Starting and stopping a runtime
Safeguards and best practices are provided to help you safely start and stop runtimes.
You need to be on the machine where the runtime's runtime cloud cluster is installed to start or stop it.
As a safeguard to prevent execution conflicts, only one instance of a given basic runtime, runtime cluster node, or runtime cloud cluster is allowed to run on the same machine at one time. This means that if a basic runtime, runtime cluster node, or runtime cloud cluster is currently running as a service, you cannot also start it as a desktop application and vice versa. Similarly, you cannot start two desktop instances. However, you can have two different basic runtimes running on the same machine at the same time. For parallel processing and failover capabilities, see information about runtime clusters.
When you manually stop a runtime, it waits for currently running processes to complete before it actually stops.

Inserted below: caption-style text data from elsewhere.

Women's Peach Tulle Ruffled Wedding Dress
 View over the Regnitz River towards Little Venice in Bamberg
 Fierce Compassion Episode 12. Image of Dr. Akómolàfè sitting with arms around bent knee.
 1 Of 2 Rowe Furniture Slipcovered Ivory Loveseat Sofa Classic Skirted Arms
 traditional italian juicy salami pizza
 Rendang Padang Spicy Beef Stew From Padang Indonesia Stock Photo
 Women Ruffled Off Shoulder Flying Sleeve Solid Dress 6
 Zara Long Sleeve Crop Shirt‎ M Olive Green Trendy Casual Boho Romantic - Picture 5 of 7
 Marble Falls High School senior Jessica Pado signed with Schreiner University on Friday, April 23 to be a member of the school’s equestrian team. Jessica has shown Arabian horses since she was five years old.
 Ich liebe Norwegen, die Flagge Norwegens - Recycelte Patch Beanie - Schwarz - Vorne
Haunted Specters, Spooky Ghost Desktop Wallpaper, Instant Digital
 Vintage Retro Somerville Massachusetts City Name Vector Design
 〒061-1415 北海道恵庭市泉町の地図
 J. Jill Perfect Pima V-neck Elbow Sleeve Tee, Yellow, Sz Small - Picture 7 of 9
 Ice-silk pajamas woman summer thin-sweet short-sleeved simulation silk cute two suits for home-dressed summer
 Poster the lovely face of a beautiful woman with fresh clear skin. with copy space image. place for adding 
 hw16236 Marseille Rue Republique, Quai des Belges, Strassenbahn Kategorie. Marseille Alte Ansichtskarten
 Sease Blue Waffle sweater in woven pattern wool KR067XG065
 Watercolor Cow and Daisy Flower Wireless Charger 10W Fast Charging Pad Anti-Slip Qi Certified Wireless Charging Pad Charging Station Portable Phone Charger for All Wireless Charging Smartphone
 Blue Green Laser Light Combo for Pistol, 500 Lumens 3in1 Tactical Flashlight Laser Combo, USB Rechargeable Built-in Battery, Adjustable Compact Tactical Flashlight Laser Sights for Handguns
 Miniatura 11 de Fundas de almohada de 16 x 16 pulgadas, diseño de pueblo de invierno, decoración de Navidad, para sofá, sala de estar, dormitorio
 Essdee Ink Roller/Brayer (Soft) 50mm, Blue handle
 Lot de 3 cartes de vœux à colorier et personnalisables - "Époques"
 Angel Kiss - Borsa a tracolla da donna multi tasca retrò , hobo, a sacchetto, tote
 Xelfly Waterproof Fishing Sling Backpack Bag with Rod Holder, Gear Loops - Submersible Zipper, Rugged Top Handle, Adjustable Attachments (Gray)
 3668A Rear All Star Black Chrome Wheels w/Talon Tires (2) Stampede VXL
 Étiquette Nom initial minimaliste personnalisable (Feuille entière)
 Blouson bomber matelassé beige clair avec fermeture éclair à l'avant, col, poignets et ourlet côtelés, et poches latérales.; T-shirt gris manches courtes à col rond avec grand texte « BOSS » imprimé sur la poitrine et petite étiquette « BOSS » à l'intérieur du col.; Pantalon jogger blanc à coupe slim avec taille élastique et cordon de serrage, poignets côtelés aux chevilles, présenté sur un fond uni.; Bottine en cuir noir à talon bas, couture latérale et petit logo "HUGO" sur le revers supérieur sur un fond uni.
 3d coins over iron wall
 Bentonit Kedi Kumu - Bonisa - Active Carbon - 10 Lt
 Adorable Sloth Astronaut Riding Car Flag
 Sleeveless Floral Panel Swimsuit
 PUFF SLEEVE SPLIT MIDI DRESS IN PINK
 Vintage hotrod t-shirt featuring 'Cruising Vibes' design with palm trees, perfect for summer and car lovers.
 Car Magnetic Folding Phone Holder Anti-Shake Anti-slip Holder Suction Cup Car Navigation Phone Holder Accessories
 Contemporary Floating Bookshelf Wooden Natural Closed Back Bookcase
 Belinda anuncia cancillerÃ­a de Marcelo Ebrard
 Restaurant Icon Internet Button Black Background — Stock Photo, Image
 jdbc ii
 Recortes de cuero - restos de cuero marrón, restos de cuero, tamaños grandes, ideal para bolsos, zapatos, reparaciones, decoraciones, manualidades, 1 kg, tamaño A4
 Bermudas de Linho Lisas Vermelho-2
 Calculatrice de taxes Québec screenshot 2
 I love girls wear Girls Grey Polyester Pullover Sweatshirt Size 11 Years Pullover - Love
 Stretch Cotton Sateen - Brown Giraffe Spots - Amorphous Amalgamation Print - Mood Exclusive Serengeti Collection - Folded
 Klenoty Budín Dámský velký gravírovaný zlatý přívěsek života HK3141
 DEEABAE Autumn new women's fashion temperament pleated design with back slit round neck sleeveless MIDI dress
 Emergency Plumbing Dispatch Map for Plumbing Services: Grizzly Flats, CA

The node does not start any more processes while it waits to stop. On the Properties panel, you can specify the number of minutes that the Boomi Enterprise Platform will wait before it forces a restart.
You can cause a runtime cluster or runtime cloud to be restarted in one of two ways:
- Select the Restart Runtime option on the Runtime Information panel (Manage > Runtime Management).
- Use a Java monitoring tool for JMX management, such as Java VisualVM, to issue a JMX command.
When you restart a runtime cluster or runtime cloud, a rolling restart of all nodes is performed. Running processes are allowed to complete before the node they are running on is restarted. You can modify the rolling restart behavior by setting properties on the Properties panel.
Basic runtime, cluster node, or cloud cluster running on Windows
When you install a basic runtime, runtime cluster node, or runtime cloud cluster, it automatically starts as a Windows service. This is the preferred method for running because it does not require a Windows user to be logged onto the machine at all times.
When connecting to some client applications, such as QuickBooks, the basic runtime, runtime cluster node, or runtime cloud cluster must run as a desktop application under a given Windows user rather than run as a Windows service. Running as a desktop application requires the user to be logged into Windows at all times for the basic runtime, runtime cluster node, or runtime cloud cluster to run.
Basic runtime, cluster node, or cloud cluster running on Linux
After you install a basic runtime, runtime cluster node, or runtime cloud cluster on a Linux machine, configure it to run as a daemon thread. Doing this prevents the server from shutting down the basic runtime, runtime cluster node, or runtime cloud cluster when the user logs off the machine.